まずさっそく話題に出たのが脚本家について。2025年秋クールは三谷幸喜さん(『もしもこの世が舞台なら、楽屋はどこにあるのだろう』<フジ系>)、野木亜紀子さん(『ちょっとだけエスパー』<テレ朝系>)、岡田惠和さん(『小さい頃は、神様がいて』<フジ系>)の3人が新作ドラマを書いています。
サトウ:『もしもこの世が舞台なら~』は、もったいないなあ……って感じがしますね。
吉田:あれだけ若手の人気者をたくさん投入しているのに……。何か空回りしちゃっているんでしょうね。
サトウ:三谷さんは『鎌倉殿の13人』(NHK)が良かったから、もう3年に1回くらい、大河の脚本を書いていたらいいんだと思う。
吉田:岡田さんはどうですか? 私はどうも苦手。どの作品でもやたらとホムパが開催されて登場人物が瞬時にうちとける。憂いとリアリティがないから。
サトウ:私はもともと『最後から二番目の恋』(岡田惠和脚本・フジ系)がすごく好きなので。でも、もうドラマ全盛期の頃のフジテレビじゃないんですよね。
吉田:サトウさんはフジテレビっ子ですか?
サトウ:フジテレビのドラマは昔はよく見ていました。でも1990年代に「WOWOW」が登場して、2010年代に「Netflix」が登場して、配信の流れがきて、作品をワールドワイドに配信できるようになった。地上波ドラマをリアルタイムで見なくても「TVer」で見られるようになって……と、ドラマをめぐる環境も変わってきたように思います。
吉田:そうですね、「テレビはもうダメだ」って言われてから、もう10年以上経ってる感じもするんですけど。私は坂元裕二さんの脚本が好きで、『カルテット』(TBS)が大好きなんですよ。そんな坂元さんが「Netflix」で映画を作ったんですが、ファンの私たちは沈黙してしまったという……。やっぱり坂元さんは、地上波テレビの理不尽な制限の中で作るほうが良かったのではないか?と思ってしまいました。

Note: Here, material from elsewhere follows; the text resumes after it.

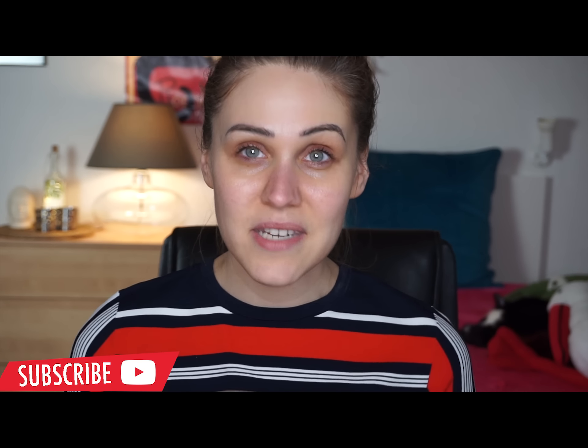Hey guys, welcome back to my channel. Don't mind my face right now — I know it looks a bit crazy, like a dead person. I wanted to create a makeup look with you using some products I got from Charlotte Tilbury. I've already moisturized my face and I'll be applying some eye cream under my eyes and on my lid.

--お2人が基本的に「この人の脚本なら必ず見る!」という脚本家はいるのでしょうか?
吉田:坂元さんとクドカン(宮藤官九郎)ですね。
サトウ:それと野木亜紀子さん。
吉田:あ、あと大石静さん。
--大石静さんといえば、昨年は大河ドラマ『光る君へ』(NHK)が女性を中心に大ヒットしていたのが記憶に新しいところです。
サトウ:現在の大河ドラマ『べらぼう~蔦重栄華乃夢噺〜』(NHK)の脚本の森下佳子さんもチェックしています。
吉田:森下佳子さんはいつも大作を背負わされていて、あまり小さなドラマはやらなくなったのですが、今の『べらぼう』はとてもいい。大河ドラマで庶民の話って、これまでなかったんですよね。私はずっと絵師の話が見たいって思ってたから、すごく嬉しい。もう武士はもう飽きちゃったんです(笑)。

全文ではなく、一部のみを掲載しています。